What you should do:
Pictures stay out of the copy. Transcribe exactly the lines from the line with "Gold Double Dome Huggie Hoop Earrings" through the final line of the records.

Material for this exercise:
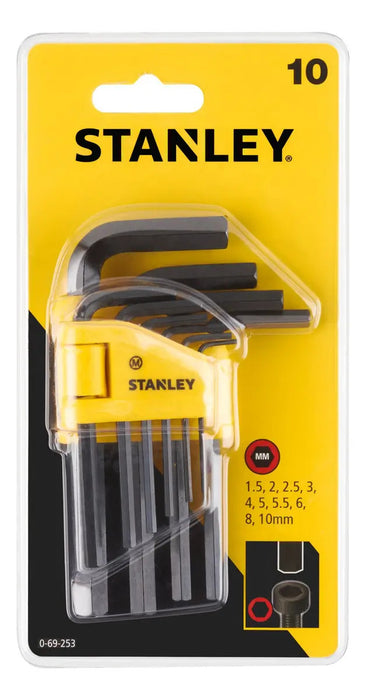 Set de 10 Llaves Allen Hexagonales Stanley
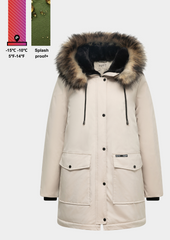 Faux Fur Mid-Length Hooded Parka With Large Pockets Splashproof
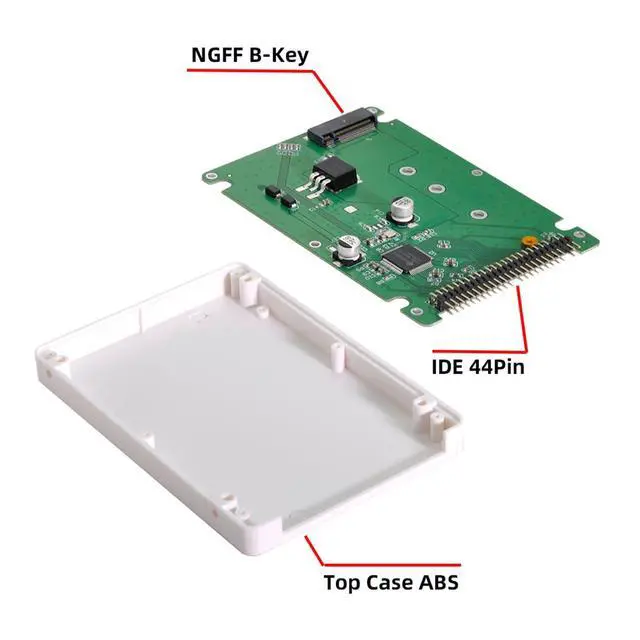 Alt view image 4 of 7 - B+M Key Socket 2 M.2 B+M-Key SSD to 2.5 inch IDE 44Pin PATA Adapter Card Adapter Enclosure with Black Metal Case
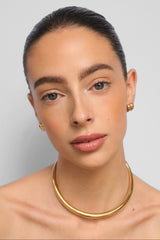 Gold Double Dome Huggie Hoop Earrings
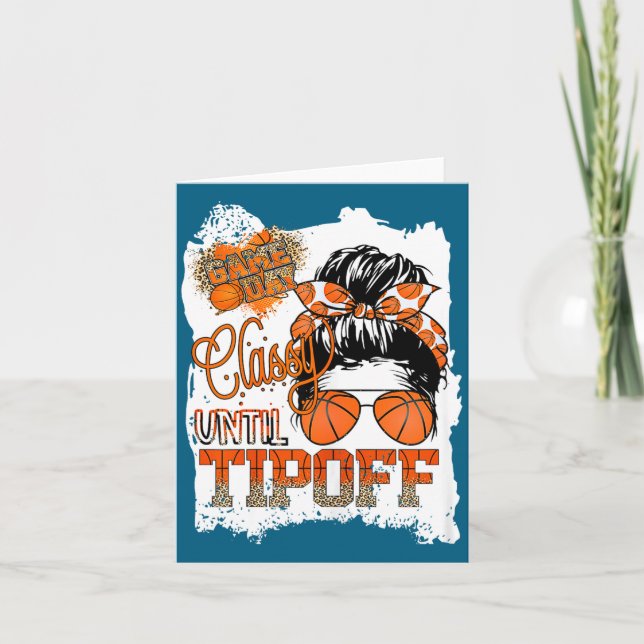 Womens Cly Until Tip-off Funny Quote Basketball Me Kort (Framsida)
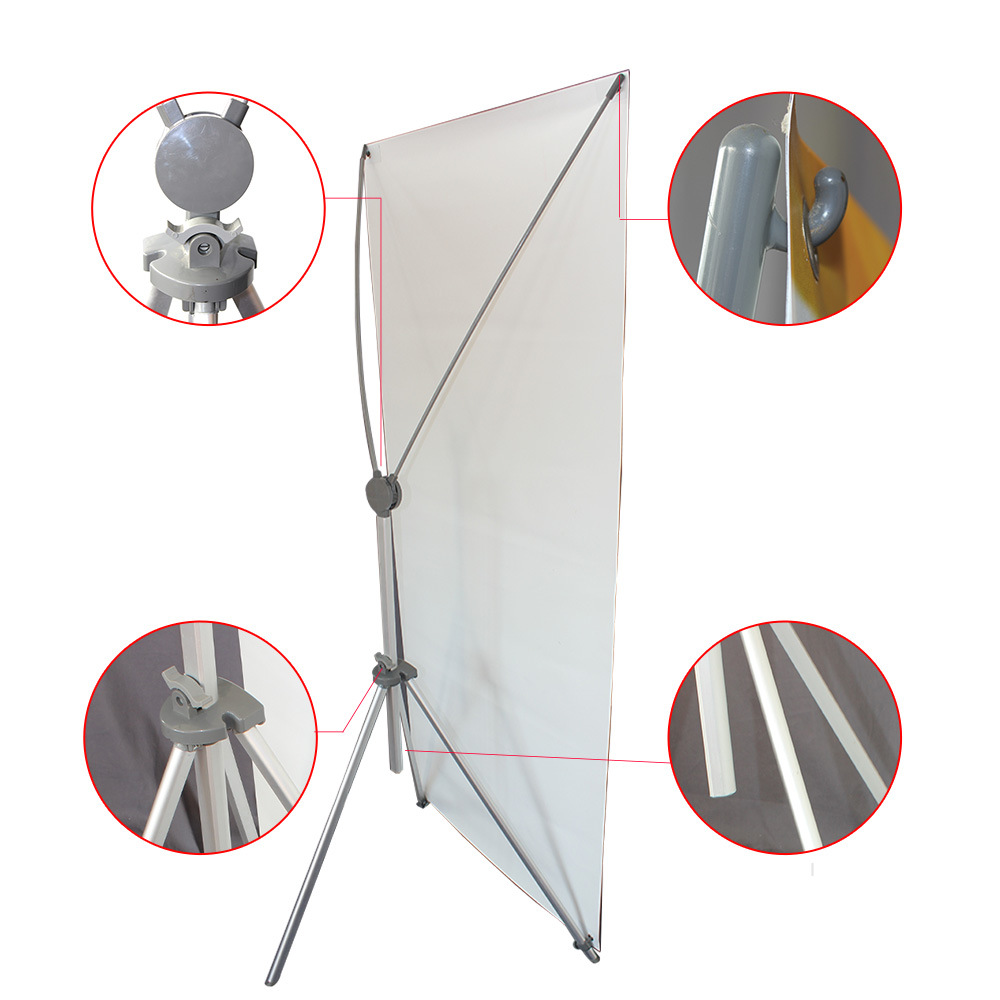 Soporte de exhibición plegable de aleación de aluminio de Shanghái con marco en L, bastidor delgado tipo muñeco de nieve, caballete en L y bastidor en X de hierro enrollable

Exercise output:
 Gold Double Dome Huggie Hoop Earrings
 Womens Cly Until Tip-off Funny Quote Basketball Me Kort (Framsida)
 Soporte de exhibición plegable de aleación de aluminio de Shanghái con marco en L, bastidor delgado tipo muñeco de nieve, caballete en L y bastidor en X de hierro enrollable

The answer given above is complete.